Just a quick one,
with regards to creating a secure zone/VLAN off of a core network, is it worthy, possilbly to implement something useful in terms of authentication on a VLAN utilising 802.1X that isnt going to be messy?
For instance if we want to create a secure zone or VLAN that hangs off the core switching network and possibly segregated by a firewall for a set of say critical applications.
Iv been looking at ways we couldnt implement an environment without having the use of a terminal server on the front of the environment.
802.1X using NPS / NAP may be messy,
If there is a way to utilise this based on domain level authentication and mapping that would be useful.
as far as I know to implement a form of authentication at OSI layer 2 you need to deploy 802.1X.
On 802.1X the only supported authentication methods are radius (and may be local not to be used in production).
However, the Radius Server can then point to an Active Directory as a way to authenticate the user.
For example see the following HOWTO guide for freeradius server
Hope to help
Yeh thanks this is what I was looking at, but looking at it, reading some tech documents it comes with some caveats and possibly high network admin overhead.
As mentioned what is being aimed for, is to have a secure zone within our network which is controlled by some form of authentication (looking at the domain level authentication idea) , this secure zone / VLAN can then be used to control who has access to this VLAN which has these applications/ application servers.
These selected users if part of an AD group will get access to this isolated VLAN.
its never been used by me but have had some people use it a good few years ago *VLAN / 802.1x and said it wasnt really thatmuch use and caused issues so they ended up scrapping it.

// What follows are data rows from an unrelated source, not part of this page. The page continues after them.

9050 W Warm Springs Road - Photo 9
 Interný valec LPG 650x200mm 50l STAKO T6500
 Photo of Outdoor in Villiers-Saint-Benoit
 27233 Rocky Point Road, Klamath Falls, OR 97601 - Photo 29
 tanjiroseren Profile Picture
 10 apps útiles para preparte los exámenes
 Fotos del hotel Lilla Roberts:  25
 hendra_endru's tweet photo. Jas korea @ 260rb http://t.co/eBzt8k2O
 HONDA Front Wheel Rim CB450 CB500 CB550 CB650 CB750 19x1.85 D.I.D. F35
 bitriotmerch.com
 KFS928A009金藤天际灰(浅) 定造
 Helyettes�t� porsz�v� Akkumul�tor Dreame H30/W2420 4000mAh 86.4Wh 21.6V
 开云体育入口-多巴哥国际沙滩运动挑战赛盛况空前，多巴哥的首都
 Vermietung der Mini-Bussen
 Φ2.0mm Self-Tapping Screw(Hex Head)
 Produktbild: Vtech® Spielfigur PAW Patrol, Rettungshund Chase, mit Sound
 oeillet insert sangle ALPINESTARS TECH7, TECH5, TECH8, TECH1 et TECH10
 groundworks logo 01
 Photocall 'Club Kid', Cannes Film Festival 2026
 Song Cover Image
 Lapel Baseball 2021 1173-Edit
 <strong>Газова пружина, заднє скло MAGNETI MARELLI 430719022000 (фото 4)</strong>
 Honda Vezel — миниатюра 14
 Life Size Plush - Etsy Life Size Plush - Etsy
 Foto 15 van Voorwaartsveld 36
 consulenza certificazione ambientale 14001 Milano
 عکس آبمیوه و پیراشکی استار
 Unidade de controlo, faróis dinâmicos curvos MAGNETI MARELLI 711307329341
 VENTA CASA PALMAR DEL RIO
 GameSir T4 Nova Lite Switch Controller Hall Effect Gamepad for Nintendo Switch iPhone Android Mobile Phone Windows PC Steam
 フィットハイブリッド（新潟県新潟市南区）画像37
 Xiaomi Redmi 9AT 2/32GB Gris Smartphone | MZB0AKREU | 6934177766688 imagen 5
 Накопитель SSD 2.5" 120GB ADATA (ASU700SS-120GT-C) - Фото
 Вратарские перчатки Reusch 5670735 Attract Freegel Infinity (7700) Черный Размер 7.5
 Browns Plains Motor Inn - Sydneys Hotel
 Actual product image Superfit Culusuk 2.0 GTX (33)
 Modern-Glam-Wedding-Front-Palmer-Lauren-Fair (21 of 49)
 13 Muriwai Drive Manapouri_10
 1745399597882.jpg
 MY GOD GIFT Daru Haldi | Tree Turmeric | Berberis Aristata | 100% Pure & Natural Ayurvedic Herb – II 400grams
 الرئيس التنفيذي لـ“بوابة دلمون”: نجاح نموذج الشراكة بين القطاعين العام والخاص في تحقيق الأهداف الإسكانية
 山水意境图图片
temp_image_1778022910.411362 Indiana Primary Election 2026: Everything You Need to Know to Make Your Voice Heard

Not really the same thing, but another way I have thought about doing this, is by using a firewall which hangs off of our core network, the new firewall will be doing security on a multi-VLAN basis, but also levages the use of firewall > AD "User identification" to pull down the AD or LDAP groups from domain controllers, and on a per VLAN basis we can create the relevant security rules/ policies which permit a spefiic AD group or group of users to the applications/servers or services within the vlans
the use of a firewall with active directory integration for user authentication can be seen as an alternative implementation but security will be at inter Vlan level.